Мы подъезжали к Дижону. Машин на дороге становилось все больше. Рекламные щиты, расставленные вдоль дороги, восхваляли историческую столицу Бургундии и особенно ликер из черной смородины. Где-то наверху, слева от нас, парижский экспресс с шумом вырвался из туннеля и спустился по склону горы, прорезав ночь мчащимися огнями. Мы держались некоторое время рядом с ним, между каналом и рекой, которые так же, как и мы, неслись по долине, стараясь обогнать друг друга. Но пока я переезжал через мосты и пересекал Пломбьер, поезд обогнал меня.
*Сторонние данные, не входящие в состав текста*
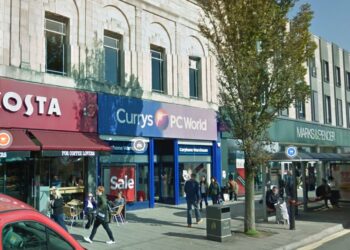 Tesco to open new city centre store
Не люблю состязаться с поездами. Не потому, что не могу их обогнать. Просто власти им бессовестно потворствуют. А это нечестная игра.
На прошлой неделе мне пришлось заночевать в Дижоне. Правда, тогда я выехал из Парижа несколько позже, лил дождь, мне было тоскливо и одиноко. Я снял номер в довольно хорошей гостинице неподалеку от вокзала и, сидя в ванне, долго размышлял о бесцельности своего существования, о пустоте, которую оставила в моей жизни Франсуаза. Я прекрасно помню, что решил тогда возвратиться в Париж. Что мне делать в фильме, который снимает Роже? Я едва находил в нем отдаленное сходство с сюжетом моего рассказа. Стоит ли из-за этого мчаться через всю Францию, чтобы торчать два дня на съемочной площадке, мешая операторам, смущая актеров, раздражая Роже! Наутро от моего решения не осталось и следа, а радушный прием, оказанный мне группой «Мадемуазель Эрмелин», заставил позабыть ночные сомнения.
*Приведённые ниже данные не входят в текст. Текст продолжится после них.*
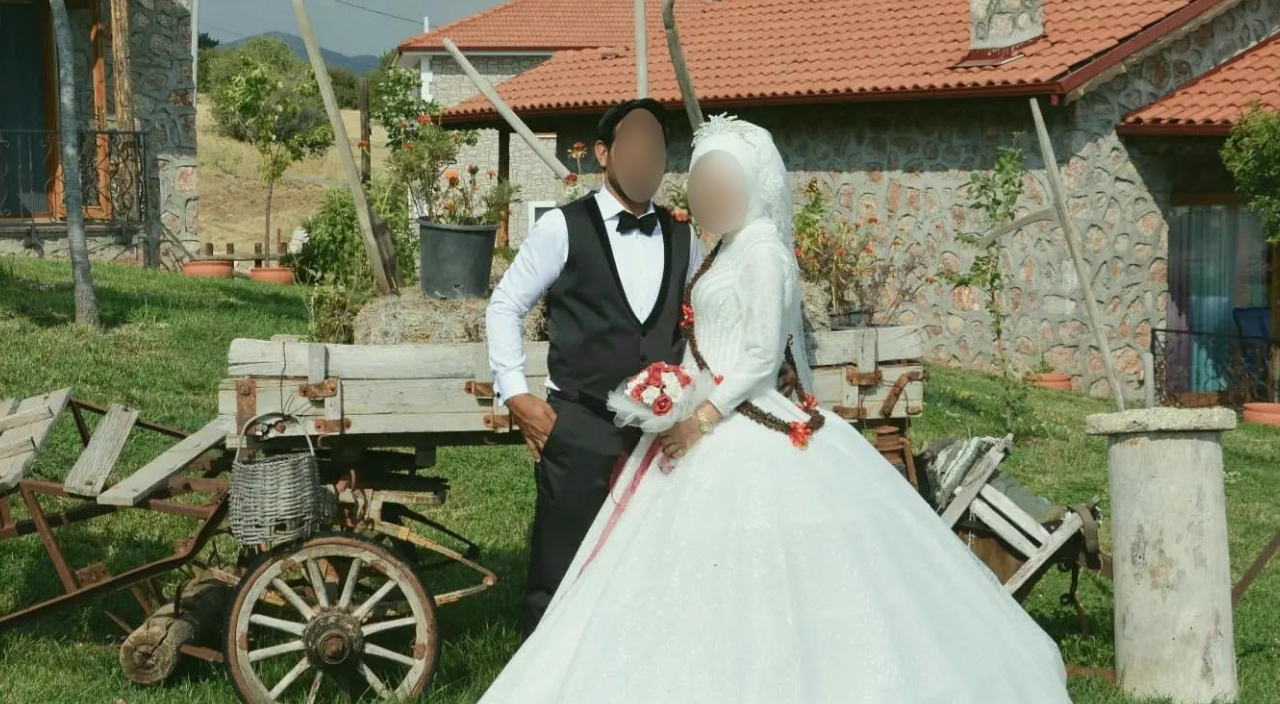 Düğününden sonra korona olduğu tespit edildi! 24 kişi karantinaya alındı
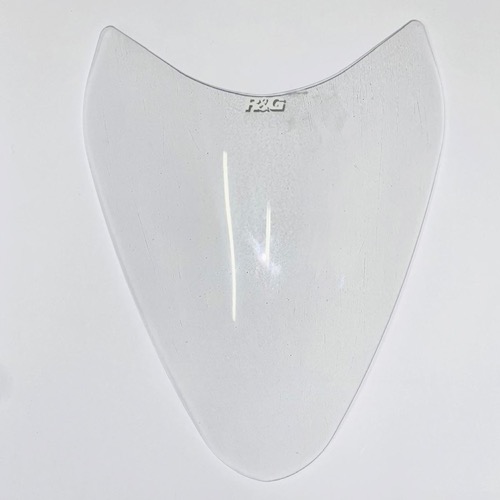 (image for) Headlight Shields (2) - Suzuki GSX1300R Hayabusa 2021+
— Если вы не очень устали, — предложил я своему спутнику, — мы не станем ночевать в Дижоне и поедем дальше.
Еще не было полуночи, и я решил отоспаться в Шампаньоле, где меня ждала комната в гостинице и где находятся мои приятели из кино.
— Конечно, — ответил он. — Надо ехать дальше. Даже если я и устал.
«Историческая столица Бургундии» выглядела более сонной, чем какой-нибудь захолустный городок. Фонари освещали красивые проспекты и безлюдные улицы, бесцельно били фонтаны на пустых площадях, а старинный герцогский дворец, огромный и ненужный, казался покинутым много веков назад.
Я долго кружил по маленьким запутанным улочкам вокруг дворца в надежде отыскать какое-нибудь кафе, пока наконец не остановился у зеленой вывески бара. От рокота моего мотора на тихой узкой улице содрогались дома. Я выключил зажигание и предложил моему спутнику зайти подкрепиться стаканчиком вина.
— Если не возражаете, — ответил он с холодной вежливостью, — я подожду вас в машине.
Я был немного озадачен, но продолжал настаивать. Он поблагодарил еще раз и снова отказался. Мне хотелось выпить, и я не намерен был уступать. Не говоря ни слова, я вышел из машины, с шумом захлопнул дверцу. Затем, в порыве злости и недоверия, снова открыл дверцу и вынул ключи из замка. Я прекрасно понимал, как оскорбителен мой поступок, но в душе был доволен, что могу ответить оскорблением на оскорбление. Позднее я понял, что поступил просто бессмысленно: в разговоре выяснилось, что мой пассажир не умел водить машину.
Нарядный бар был почти пуст. Я заказал двойную порцию шотландского виски со льдом. Официант подал мне не торопясь, да и я не спешил пить, все еще переживая свою обиду. Я дал себе слово освободиться от этого типа как можно скорее и, главное, впредь вести себя умнее. Да, Бернадетта меня здорово провела! Но она еще получит свое в понедельник утром, как только я вернусь! Дрянь этакая!
Выйдя из бара, я остолбенел от неожиданности, сердце бешено заколотилось: два полицейских с велосипедами стояли возле моей машины. Один из них, открыв дверцу со стороны шоссе, нагнулся и стал что-то говорить моему пассажиру, второй ждал в нескольких шагах позади.